How to Transform Variable Entity into Relational Table

database-designsubtypes

INTRODUCTION AND RELEVANT INFORMATION:

The following example illustrates the problem I face:

Animal has a race, which can be a cat or a dog. Cat can be either Siamese or Persian. Dog can be a German shepherd or Labrador retriver.

Animal is a strong entity, while its race is an attribute that can have one of the two offered values ( cat or a dog ). Both these values are complex ( I have added here only the type of dog/cat to illustrate the problem, but there can also be the cat's / dog's name and bunch of other stuff ).

PROBLEM:

I don't know how to create relational tables for this example.

MY EFFORTS TO SOLVE THE PROBLEM:

I have tried to draw ER diagram, using Chen's notation, that represents the problem but being a beginner I don't know if I did it right. Here is what I have got:

enter image description here

I apologize if I drew something wrong, please correct me if that is the case. I don't wish to simply get "free solution" but also to learn how to deal with this problem so I can solve it on my own in the future.

The only thing that comes to my mind is to create two separate tables, one for cats and one for dogs. Also, the race attribute in the Animal table would only store cat or a dog value. Something like this:

Animal< # Animal_ID, race, other attributes >
Cat < # Cat_ID, $ Animal_ID, breed >
Dog < # Dog_ID, $ Animal_ID, breed >

I really have a bad feeling about my solution and I fear it is wrong, hence the below question.

QUESTIONS:

How can I transform my example into ER diagram ?
How to transform that ER diagram into relational tables?

If further info is required leave a comment and I will update my post as soon as possible. Also feel free to add appropriate tags since I am fairly new here.

Thank you.

Best Answer

The proper structure for this scenario is a SubClass / Inheritance model, and is nearly identical to the concept I proposed in this answer: Heterogeneous ordered list of value.

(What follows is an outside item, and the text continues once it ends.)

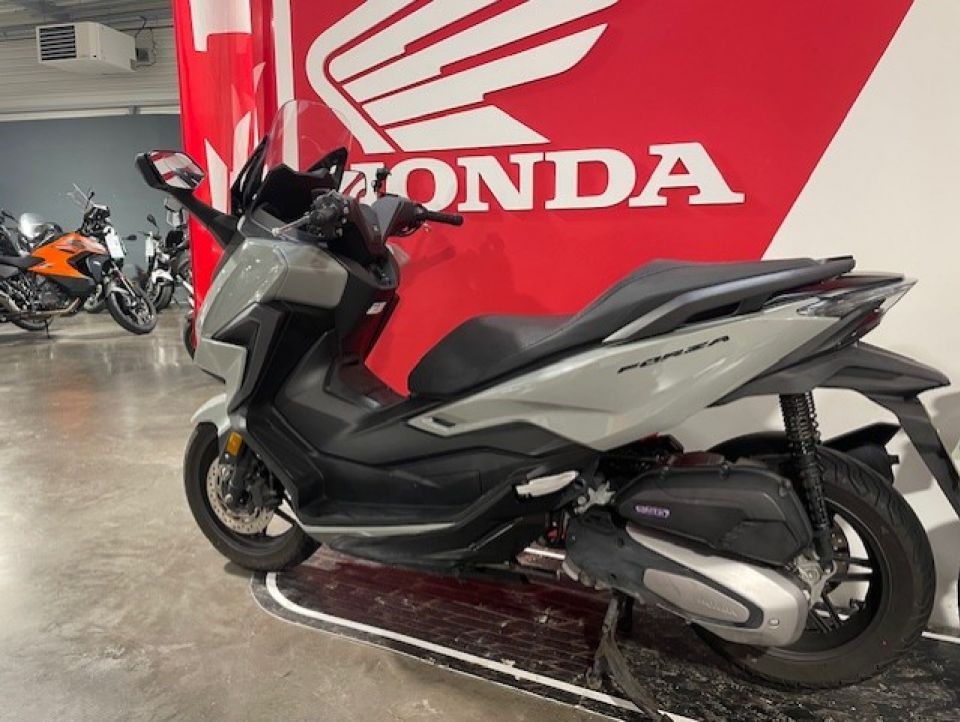 HONDA NSS FORZA  125AD 4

The model proposed in this question is actually quite close in that the Animal entity contains the type (i.e. race) and the properties that are common across all types. However, there are two minor changes that are needed:

Remove the Cat_ID and Dog_ID fields from their respective entities:

The key concept here is that everything is an Animal, regardless of race: Cat, Dog, Elephant, and so on. Given that starting point, any particular race of Animal doesn't truly need a separate identifier since:
1. the Animal_ID is unique
2. the Cat, Dog, and any additional race entities added in the future do not, by themselves, fully represent any particular Animal; they only have meaning when used in combination with the information contained in the parent entity, Animal.
Hence, the Animal_ID property in the Cat, Dog, etc entities is both the PK and the FK back to the Animal entity.
Differentiate between types of breed:

Just because two properties share the same name does not necessarily mean that those properties are the same, even if the name being the same implies such a relationship. In this case, what you really have is actually CatBreed and DogBreed as seperate "types"

Initial Notes

The SQL is specific to Microsoft SQL Server (i.e. is T-SQL). Meaning, be careful about datatypes as they are not the same across all RDBMS's. For example, I am using VARCHAR but if you need to store anything outside of the standard ASCII set, you should really use NVARCHAR.
The ID fields of the "type" tables (Race, CatBreed, and DogBreed) are not auto-incrementing (i.e. IDENTITY in terms of T-SQL) because they are application constants (i.e. they are part of the application) that are static lookup values in the database and are represented as enums in C# (or other languages). If values are added, they are added in controlled situations. I reserve the use of auto-increment fields for user data that comes in via the application.
The naming convention I use is to name each subclass table starting with the main class name followed by the subclass name. This helps organize the tables as well as indicates clearly (without looking at the FKs) the relationship of the subclass table to the main entity table.
Please see "Final Edit" section at the end for a note regarding Views.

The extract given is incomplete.